Surface plasmon polaritons (SPPs) are electromagnetic excitations being coupled to the surface collective oscillations of free electrons in a metal, which tightly bound to and propagate along metal-insulator interfaces [1]. As we all know, there are many nanostructures designed for guiding SPPs efficiently such as gap/stripe waveguides, trench/slot waveguides, semiconductor nanowires, and photonic band gap waveguides. One of the most favorable is the metal-insulator-metal (MIM) waveguide, which has been keeping its popularity because of the attractive properties and extensive applications. As essential components of the nanophotonic circuits, MIM waveguides do a good balance between light confinement and propagation loss [2]. As a consequence, a variety of functional plasmonic devices based on MIM waveguides have been proposed theoretically and examined experimentally, such as optical filters [3,4], splitters [5], interferometers [6], sensors [7] and all-optical switches [8]. In the research of sensor design and application, plasmonic refractive index (RI) sensor achieves high sensitivity and resolution because the combination of plasmonic waveguide and nanometric resonant cavity (waveguide-cavity system for short) provides a good mechanism for realizing sensing and wavelength selective. In other words, the propagating surface plasmon resonances (PSPRs) and localized surface plasmon resonances (LSPRs) features of waveguide-cavity system pick out the specific wavelength which required exactly [9]. For example, the most common structures used in plasmonic RI sensors are MIM waveguides coupled with a ring cavity [10,11], a nanodisk cavity [12], a rectangle cavity [13,14], a gear-shaped cavity and so on [15,16].

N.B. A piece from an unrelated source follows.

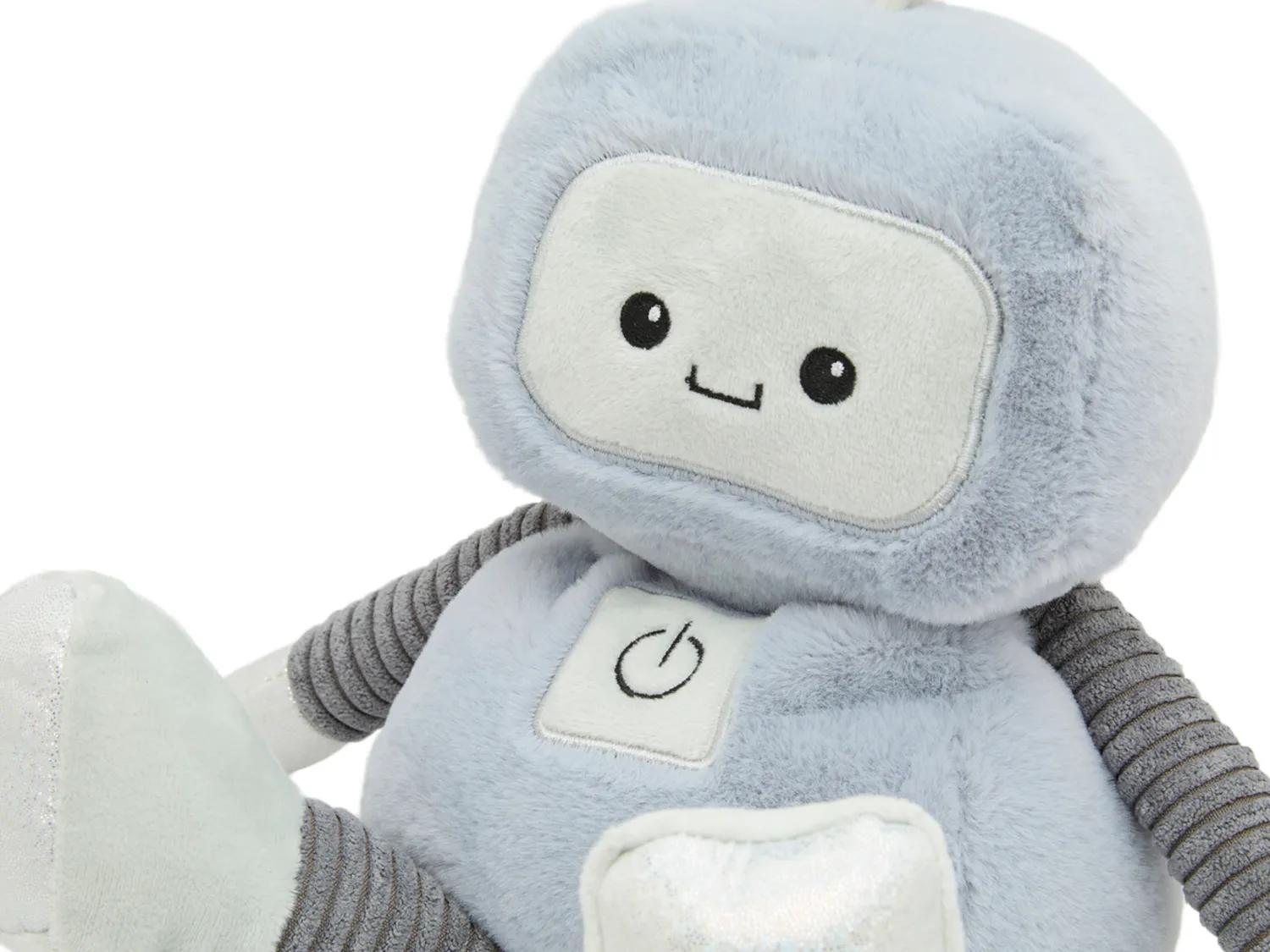 Silver Robot Warming Stuffed Toy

Within the near-infrared region (NIR), plasmonic RI sensors investigated above obtain a sensitivity of 357.1nm/RIU (unit of nm/RIU is defined in section 2.3) based on the nanodisk cavity [11], a sensitivity of 1563nm/RIU based on the hexagonal cavity [16] and a sensitivity of 1576.7nm/RIU based on the ring cavity [17]. However, to assess the sensing performance of a plasmonic RI sensor comprehensively, transmission efficiency and optical resolution are supposed to be considered together, apart from focusing only on improving the sensitivity. Accordingly, the figure of merit (which is explained in section 2.3) is the key point throughout the paper. In addition, when it comes to the transmission efficiency T (T = P2/P1) [18–20], the input power P1 and output power P2 are defined as integral values of energy flux density, which are calculated on the detective boundary lines S1 and S2 being marked in Fig. 1. In consideration of the unrealizable detection in practice, however, the input power P1 which injects into the gap region of wg1 should be set as an exact value. More explanations are discussed in details in the section below.

In this paper, we propose a plasmonic RI sensor which composed of a fillet cavity sandwiched by two MIM waveguides symmetrically. The transmission characteristics including transmission efficiency, wavelength sensitivity, resolution, figure of merit and relevant SPP mode distributions are analyzed by employing the finite element method (FEM). The relevant conclusions obtained by numerical simulation pave the way for further researches of plasmonic sensors and even nanophotonic circuits.

## 2. Numerical simulations

#### 2.1 Model

To begin with, a two-dimensional schematic view of the plasmonic RI sensor based on waveguide-cavity system is shown in Fig. 1. An annular fillet cavity with edge lengths a = b = 350nm formed by an end-to-end MIM waveguide is sandwiched by two MIM waveguides (wg1 and wg2) symmetrically at a coupling distance of d = 30nm. In view of the integration of nanophotonic circuits, the lengths of wg1 and wg2 are set as 300nm. The gap width and bending radius of the fillet cavity are set as w = 50nm. As shown in the schematic diagram, we identify the fillet cavity from MIM waveguides with different color for stressing the fact that materials to be detected are filled only in this cavity excluding MIM waveguides.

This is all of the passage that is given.